The Business Analysis Body of Knowledge (BABOK) does not currently contain an official list of principles for successful change initiatives. However, IIBA’s Agile Analysis Guide does provide 7 principles. They are:
1. See the whole,
2. Think as a customer,
3. Analyze to determine what is valuable,
4. Get real using examples,
5. Understand what is doable,
6. Stimulate collaboration and continuous improvement, and
7. Avoid waste.

Here are 16 Business Analysis Principles we are proposing:

1. Set clear and objective goals and outcomes. A change without clear objectives is bound to fail.

2. Engage stakeholders continuously. Stakeholder needs are the reason for the change. Stakeholders must work together throughout the project.

3. Include all relevant stakeholders. Successful change management requires all key stakeholders to be included in the change initiative.

4. Think holistically. Changes affect people, process, and technology. All 3 aspects are essential for successful change.

5. Adapt vigorously. Welcome change for competitive advantage.

6. Deliver iteratively. Deliver frequently, from a couple of weeks to a couple of months, with a preference to the shorter time scale.

7. Encourage change adoption. Motivate stakeholders to change for better.

8. Communicate frequently. The most efficient and effective communication is face-to-face conversation.

9. Measure continually. Better outcomes are the primary measure of progress.

10. Work sustainably. Stakeholders should be able to maintain a constant pace indefinitely.

11. Pursue excellence. Continuous attention to excellence in business analysis skills, processes, and tools.

12. Avoid waste. The art of maximizing the number of requirements not done is essential.

13. Reflect regularly. Stakeholders reflect on how to become more effective, then change behavior accordingly.

14. Organize dynamically. Best solutions emerge from self-organizing teams.

15. Manage risks proactively. Identify, analyze, and mitigate risks

16. Define roles and responsibilities clearly. Set clear expectations from all key stakeholders.

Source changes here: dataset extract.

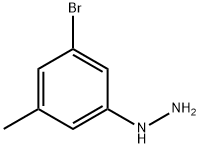 Hydrazine, (3-bromo-5-methylphenyl)- Structure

Do comment on any important principle I missed out.

Thank you for your time.

Inputs from other Business Analysts:

Sean McCarty, MS

It's a good start, but with all due respect Mr. Mishra, I'm not sure this list is substantive enough.

Change requires loss and sacrifice, which usually results in a grieving process for the people affected. Their ability to let go and the change manager's ability to lead them to embrace the future are very psychological efforts. I'm not sure that only a couple principles are enough (e.g. Communication, encouragement, etc.) to deal with that reality sufficiently.

The other principals about organization, stakeholder engagement, and such are important, but secondary to what is really at the heart of change. There is nothing in your list about training, or reframing, for example. Do not leave the ones most affected out of the list. Be compassionate and supportive as well.